Yaman di Ambang Perang Skala Penuh

Tank milisi Houthi di Yaman. Arab Saudi mendukung Prsiden Yaman yang digulingkan (Abdourabuh Mansour Hadi. Konflik bisa bereskalasi menuju skala penuh jika Pakistan dan Turki ikut gabung di pihak Saudi. (foto: DW.com)

JAKARTA – (KBKNEWS) – 109 – YAMAN berada di ambang perang skala penuh setelah kelompok Houthi mengeklaim, jet-jetĀ  tempur Koalisi pimpinan Arab Saudi melancarkan puluhan gelombang serangan udara di lima wilayah garis depan pada Rabu (9/9).

Jubir Militer Houthi, Yahya Saree mengatakan, sedikitnya 54 hingga 70 serangan udara menghantam provinsi Al-Bayda, Saada, Taiz, Marib, dan Al-Jawf.

Serangan ini merupakan pembalasan atas serangan ganda Houthi menggunakan drone dan rudal balistik ke kota Abha, Khamis Mushait, dan Jizan yang melukai 73 warga sipil serta menyasar instalasi energi Aramco.

Eskalasi pertempuran ini mengancam kehancuran total atas kesepakatan gencatan senjata yang sempat disepakati pada 2022 lalu, sekaligus menggeser peta konflik Yaman menjadi medan tempur baru di tengah krisis kawasan.

Dikutip dari New York Times, Rabu (9/9), kembali berkobarnya perang darat dipicu oleh upaya Houthi untuk merebut kendali atas kota pelabuhan Mokha di wilayah Taiz barat, yang berjarak kurang dari 50 mil dari Selat Bab al-Mandab di muara selatan Laut Merah.

Langkah ini dilakukan untuk menguasai rute pelayaran internasional, menyusul kelumpuhan navigasi komersial di Selat Hormuz akibat blokade militer Iran dalam konfrontasinya melawan Amerika Serikat.

Kondisi tersebut memaksa Arab Saudi mengalihkan rute ekspor minyak mentahnya ke jalur Laut Merah, sehingga gangguan keamanan dan blokade kapal tanker oleh Houthi di perairan tersebut dipandang Riyadh sebagai ancaman langsung terhadap stabilitas ekonomi nasional.

“Serangan udara dalam beberapa hari terakhir merupakan beberapa gelombang serangan paling signifikan sejak gencatan senjata tahun 2022,” kata Analis Politik Yaman yang berbasis di Washington, Mohammed al-Basha.

“Konflik ini dengan cepat bergeser menuju perang skala penuh,” sambungnya.

Di tengah saling klaim serangan udara, Kementerian Kesehatan yang dikelola Houthi melaporkan, gempuran udara Arab Saudi ke kompleks penjara di Al-Hazm telah merenggut 32 korban jiwa dan melukai tujuh orang lainnya.

Arab Saudi dan sekutunya membentuk koalisi militer untuk melakukan intervensi udara dan darat demi memulihkan pemerintahan Presiden Abdrabbuh Mansur Hadi yang sah.

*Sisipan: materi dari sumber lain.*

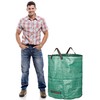 GardenMate 3-Pack 72 Gallons Reusable Garden Waste Bags (H30, D26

Presiden yang digulingkan itu sampai hari ini berada dalam ststus suaka politik di Arab Saudi.

Uji soliditas Pakta Saudi, Pakistan dan TurkiĀ 

Sementara itu, eskalasi di Yaman mulai menguji kesiapan Pakta Mekkah yang ditandatangani oleh Arab Saudi, Turkiye, dan Pakistan pada bulan lalu.

Arab Saudi dan sekutunya membentuk koalisi militer untuk melakukan intervensi udara dan darat demi memulihkan pemerintahan Presiden Abdrabbuh Mansur Hadi yang sah. Presiden yang digulingkan itu sampai hari ini berada dalam ststus suaka politik di Arab Saudi.

Pemerintah Pakistan menegaskan kesiapannya untuk mengaktifkan klausul pertahanan kolektif apabila serangan Houthi meluas dan mengancam integritas wilayah Kerajaan Arab Saudi secara langsung.

“Jika terjadi agresi tanpa provokasi, atau meluasnya apa pun yang terjadi di Yaman ke Arab Saudi, pasti Perjanjian Mekah akan menjadi resmi,” tegas Menteri Pertahanan Pakistan Khawaja Asif.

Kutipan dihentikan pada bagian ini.